### Data below

■ ■ ■ ■

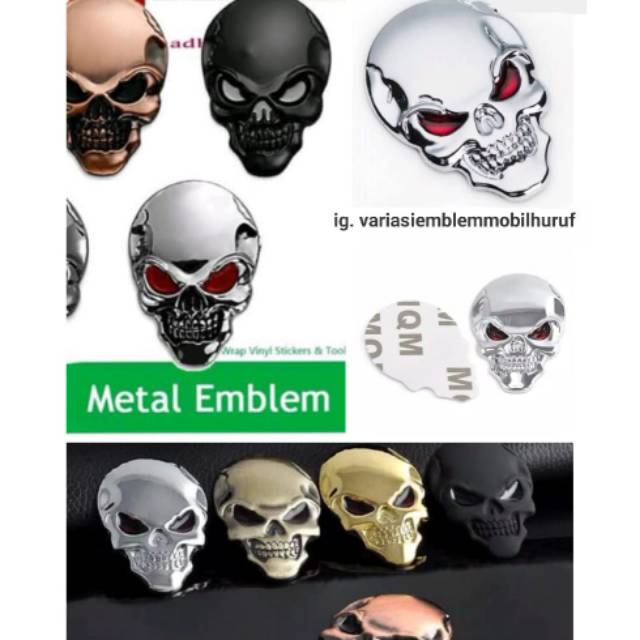 Emblem Logo Tengkorak Kepala Skull Metal Stainless Untuk Variasi Modifikasi Agya Ayla Jazz Brio Shopee Indonesia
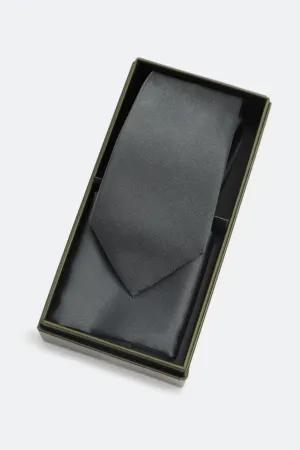 Grey Tie With Pocket Square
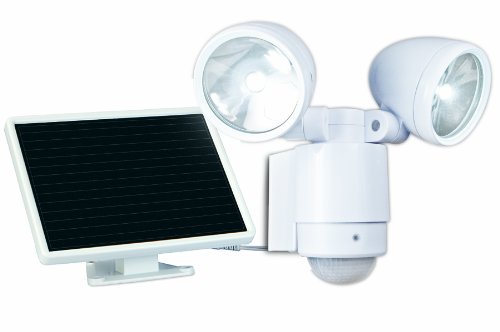 MAXSA Innovations 44418 White Solar-Powered Dual Head SMT LED Security Spotlight with Motion-Activation Spotlights Maxsa Innovations 44418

■ ■ ■ ■

### Requirement
Take the line with "Grey Tie With Pocket Square" and each line after it through the end of the material above, and reproduce them exactly, without the pictures.

### Exercise response
 Grey Tie With Pocket Square
 MAXSA Innovations 44418 White Solar-Powered Dual Head SMT LED Security Spotlight with Motion-Activation Spotlights Maxsa Innovations 44418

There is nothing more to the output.